**RECORDS PROVIDED**.
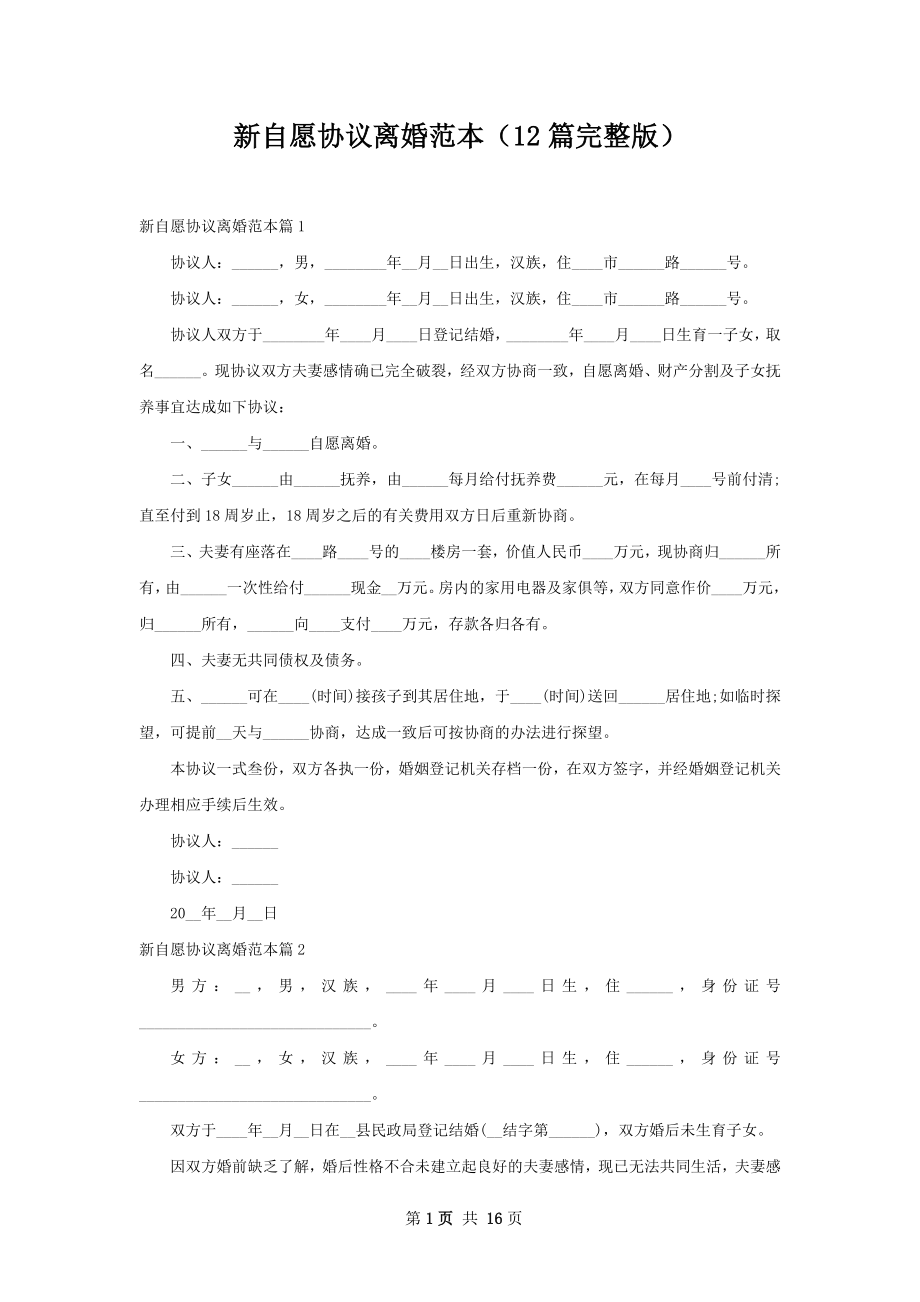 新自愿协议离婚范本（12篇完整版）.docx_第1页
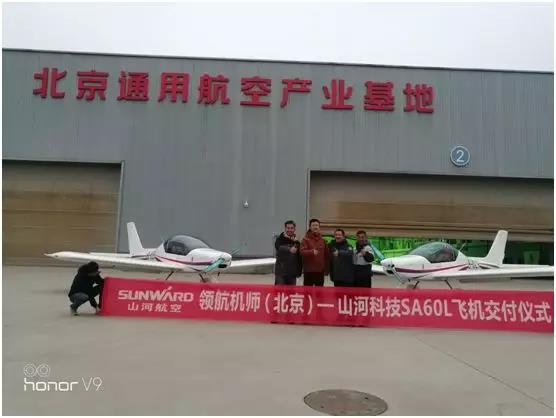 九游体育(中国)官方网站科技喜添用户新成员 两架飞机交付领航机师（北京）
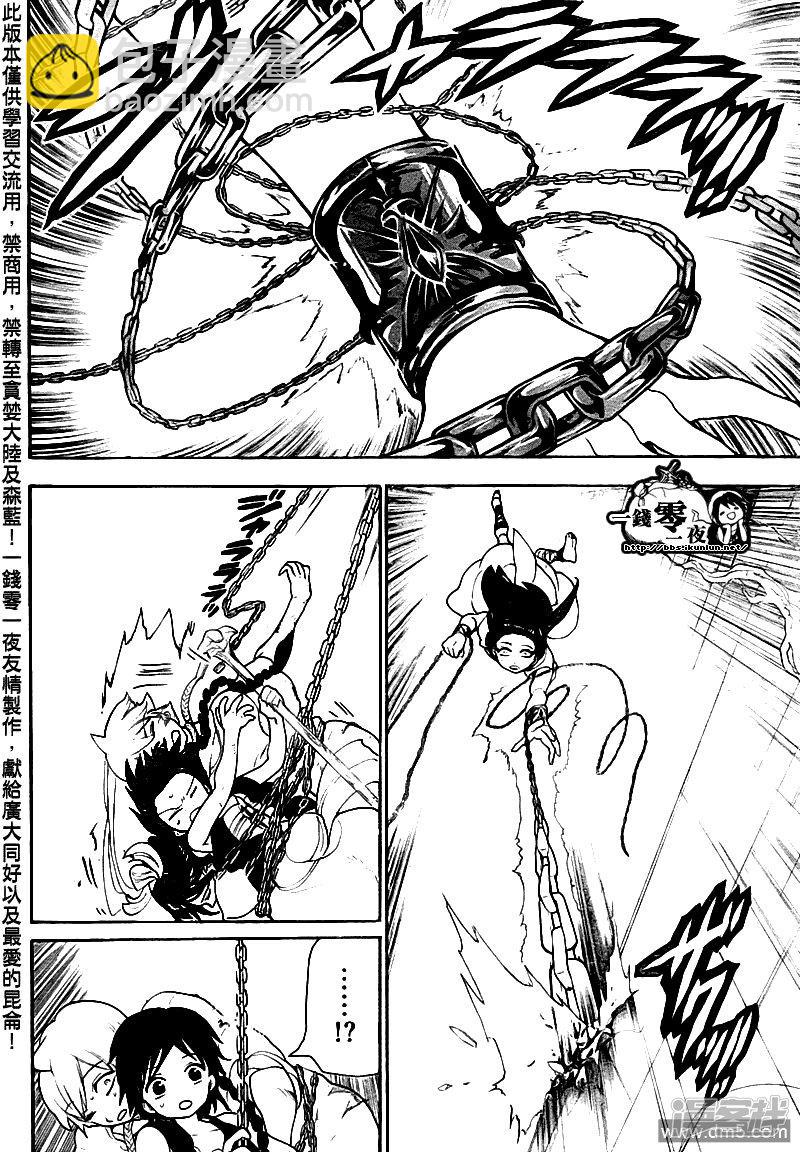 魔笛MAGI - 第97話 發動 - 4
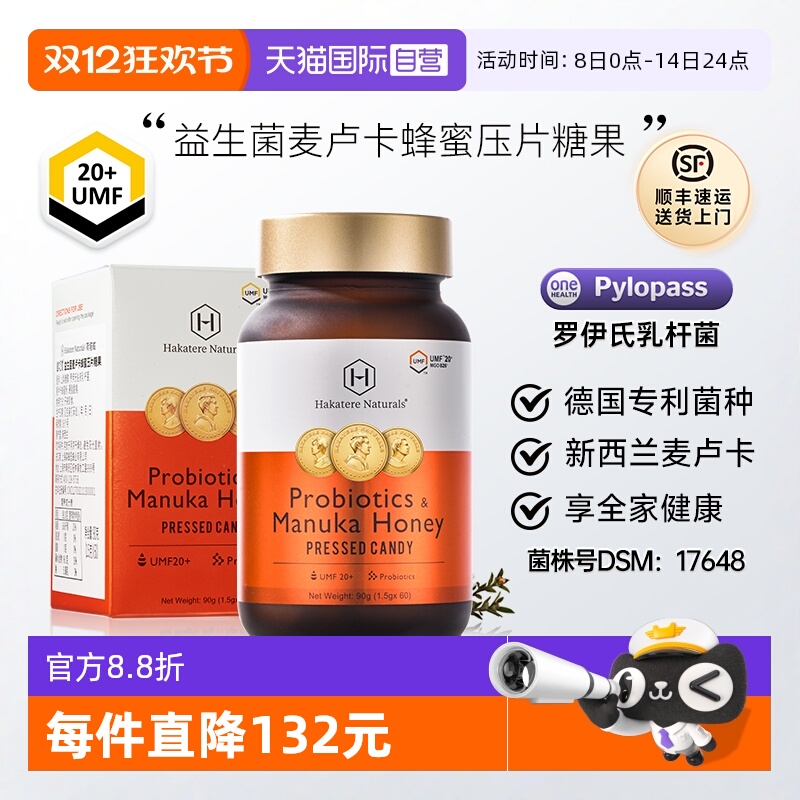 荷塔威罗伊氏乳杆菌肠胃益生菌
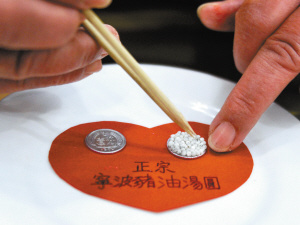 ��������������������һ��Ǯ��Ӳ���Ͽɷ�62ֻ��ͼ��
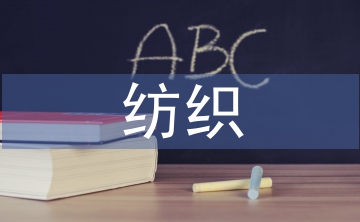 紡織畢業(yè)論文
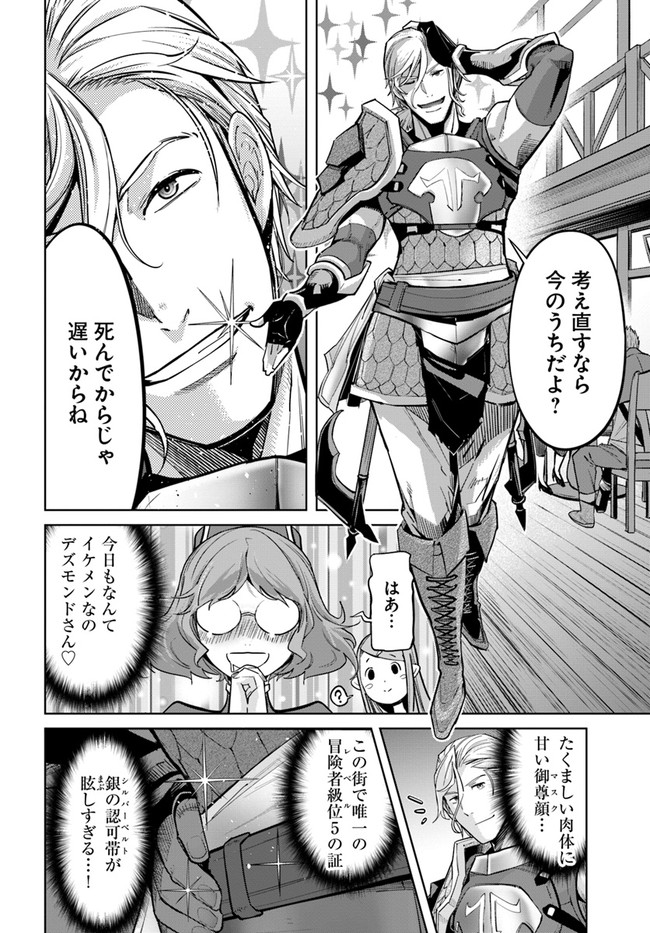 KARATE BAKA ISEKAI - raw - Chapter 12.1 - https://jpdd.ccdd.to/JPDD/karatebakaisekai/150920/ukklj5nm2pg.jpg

**AIM OF THE EXERCISE**.
Each line above must be set down exactly, though no picture should be carried over.

**ANSWER**.
 新自愿协议离婚范本（12篇完整版）.docx_第1页
 九游体育(中国)官方网站科技喜添用户新成员 两架飞机交付领航机师（北京）
 魔笛MAGI - 第97話 發動 - 4
 荷塔威罗伊氏乳杆菌肠胃益生菌
 ��������������������һ��Ǯ��Ӳ���Ͽɷ�62ֻ��ͼ��
 紡織畢業(yè)論文
 KARATE BAKA ISEKAI - raw - Chapter 12.1 - https://jpdd.ccdd.to/JPDD/karatebakaisekai/150920/ukklj5nm2pg.jpg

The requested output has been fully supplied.